The Empty Quiver

A friend of mine has a really, really wonderful blog that challenges me, encourages me, and makes me think – sometimes all at the same time, which is almost too much awesomeness for my little noggin to process.

*insert sound of baby rattle here as the noggin is shaken about…*


Oh – the location of such wonder and awesomeness? I thought you’d never ask…

Suzanne Burden, short of stature, great in wisdom, profound in writing

She’ll promptly blush at the above description, but I calls ‘em as I sees ‘em. So there. Nyah nyah nyah.

I never claimed to be mature – just sincere.

Anyway, she and her beloved are wrestling with issues of infertility, wondering if the life of a childless couple is on their horizon. She describes the struggle on the aforementioned blog, asking how the church can better love those around us whose quivers are empty – through infertility, choice, or other issues, the couples around us that are childless.

So how do we reach out to them?

Frankly, in the body of Christ, being childless can make one feel as though they’ve been awarded second-class citizen status. After all, as I’ve heard both from the pulpit and at marriage seminars, the main point of marriage is to bring children into the world. That’s it. Period. Class dismissed.


My friend then asked for comments on her post, especially from guys of the male persuasion, of which I am one, although when I’m crocheting, some might raise an eyebrow, but really should get over it.


My perspective isn’t really looking at the childless from the outside, but rather from the inside, since my beloved and I are one of “those” couples.

Why? How did we wind up with an empty quiver?

Although details aren’t really necessary for anybody who isn’t herself or myself, I will say that it was a combination of physical issues, and desire (or lack thereof).

My mom once went so far as to get up in my grill and ask how I could deny herself the thing that she so desperately wanted, to be a mother, as all could plainly see right on her face.

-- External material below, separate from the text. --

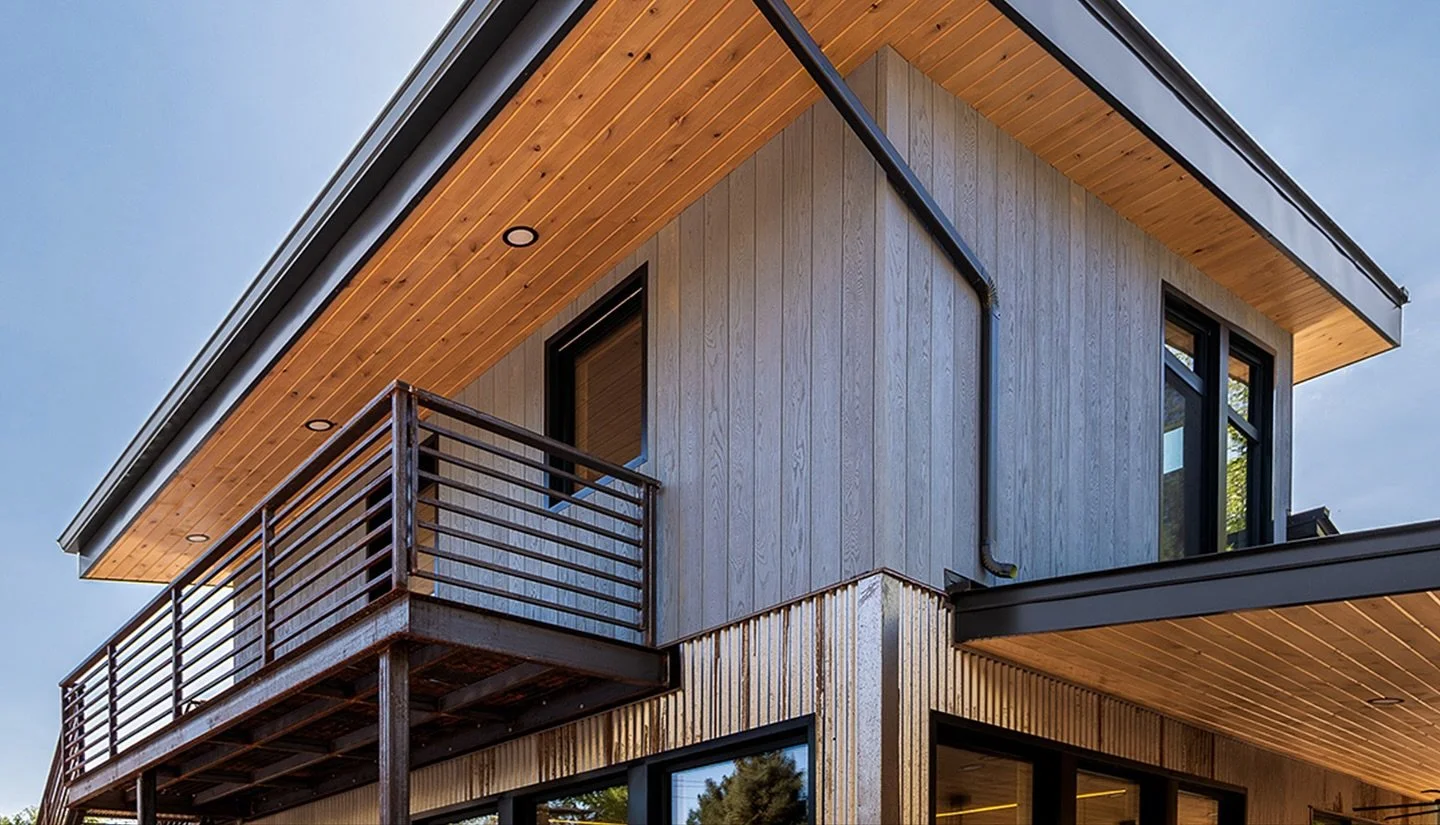 Can you see the any difference between the windows and doors on this project? The owner of this incredible DADU by @willow_wind_construction selected our Vue7 UPVC windows and our Alu7 aluminum doors and lift and slide. This is an awesome combo that 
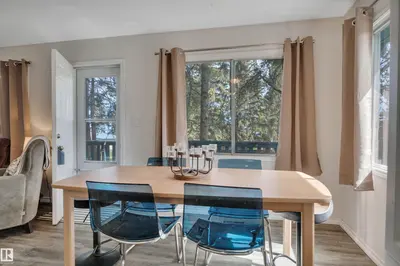 Interior photo 3 of 305 3 St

My beloved held up a hand and said, “Um… can I say something?”

And that was that.

As usual, my beloved and I were of one heart and mind. I don’t say that in any sort of prideful way – it astonishes me how closely the Lord fit us together from day one. Thirty-one years later, I can see why – the kind of challenges that were before us would have shattered us both if He hadn’t joined us so tightly together from the first day – to make us strong enough to stand together as one.

We simply never felt the desire, the compulsion, the leading to pursue having children. Nor the drive to pursue the path of trying to overcome infertility or other issues. Or the call to consider adoption or fostering. We honestly, truthfully, and openly didn’t feel that pursuit to be our path.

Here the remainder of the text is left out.